At the end of February, a month after the disappearance in Cairo of Italian researcher Giulio Regeni, the official Egyptian investigation into his torture and death has reported. The murder, so the Minister of the Interior claimed, was “most likely” due to a “personal vendetta”, in a context of “young Arab/ foreign contacts” where drugs freely circulated.
This cynical nonsense was of a piece with the same minister’s claim, when Regeni’s body was first found, that death was “most likely” due to the victim being struck by a car. The autopsy in Italy revealed no evidence of any drugs, but that refutation will not discomfort the dead-eyed thugs in power in Cairo. For them, this whitewash is only to prepare the ground for an official verdict, perhaps naming a killer, which will exonerate the real culprits: the state’s murderous security apparatus.

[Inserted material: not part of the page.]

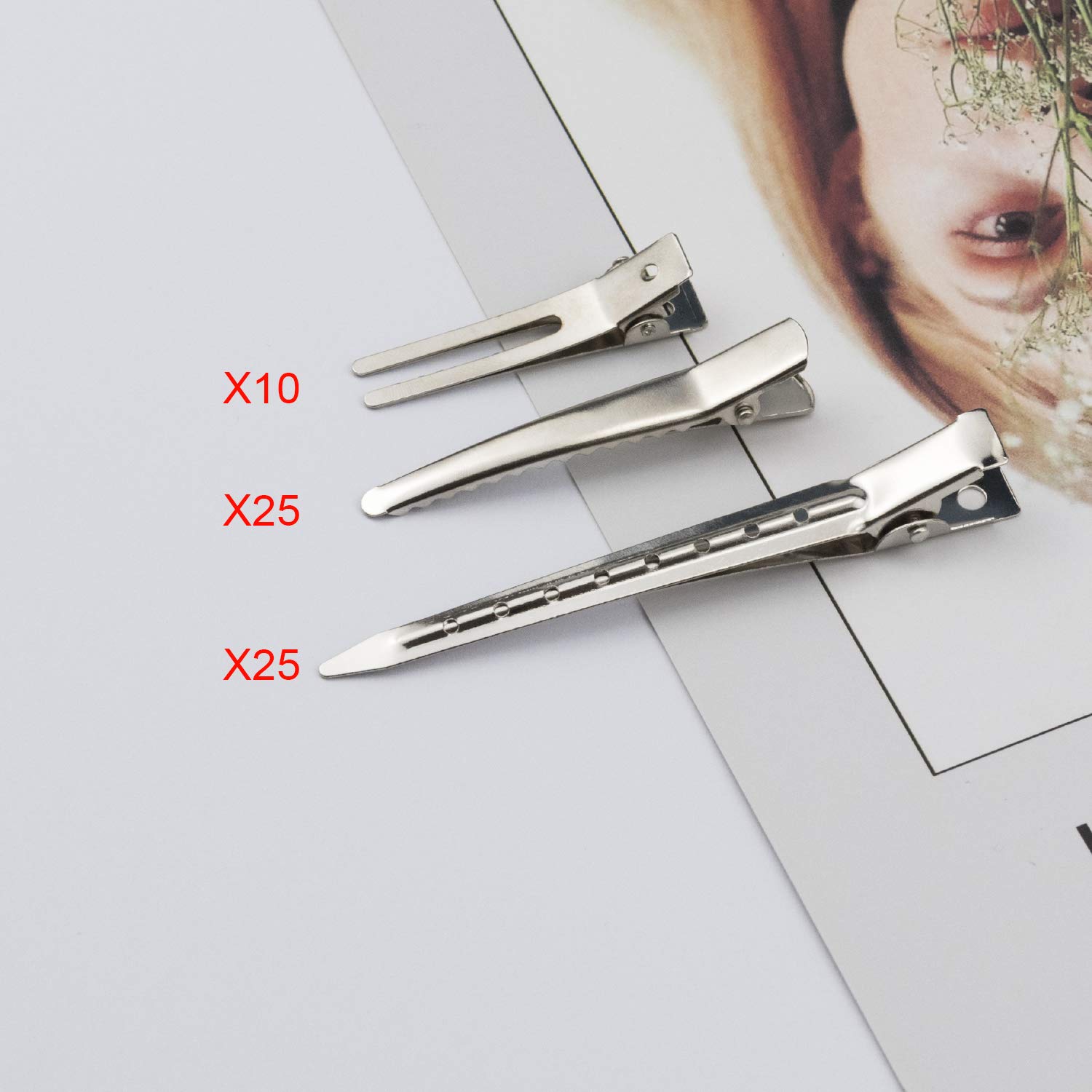 EAONE 60 Pieces Alligator Hair Clips, Hair Bow Clips Duck Bill Metal Hair Clip Professional Sectioning Clips Hairpins Assorted Size(1.80 Inch, 2.36 Inch, 3.5 Inch) for Salon Women Girls Bows DIY Accessories : Beauty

The Minister signals his confidence that the Italian authorities, in spite of their repeated angry demands for a transparent investigation,will have to swallow what finally arrives on their plate. The Italians know that in Egypt, one regime after another has sought to outdo the previous in mass repression. Italy has accepted without protest, as chief of the investigation, a person who in 1993 was condemned for torture, murder and falsifying his police report on a prisoner. His sentence was immediately annulled, and he was promoted for “good conduct” to become Director of Security in Giza. And Italy’s own investigating team in Egypt was from the beginning excluded from any autonomous role.

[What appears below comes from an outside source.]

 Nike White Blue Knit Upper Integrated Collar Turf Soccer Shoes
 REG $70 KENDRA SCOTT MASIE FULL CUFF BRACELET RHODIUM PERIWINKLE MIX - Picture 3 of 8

The leaders of both countries know that the situation carries serious risks of damaging their lucrative commercial, political and strategic ties. That is all the more likely if the official stitch-up transforms the anger of the Italian population into public protests on the streets. In Egypt, too, Giulio was highly esteemed among the re-emerging forces of rebellion. Italian prime minister Renzi faces upcoming regional elections and a referendum on institutional reform.
And the situation in Libya, a former Italian colony, only a few hundred miles away across the Mediterranean, and now contested by rival governments and gangs, is becoming more critical. Renzi’s ambition to prove himself the man who will redeem the global ambitions of the tricolour may push him to dice with a military adventure in deflect the deepening contradictions. Not for the first time in the country’s history, illusions of a colonial role in Libya may mark a critical change in the relationship of class forces in Italy.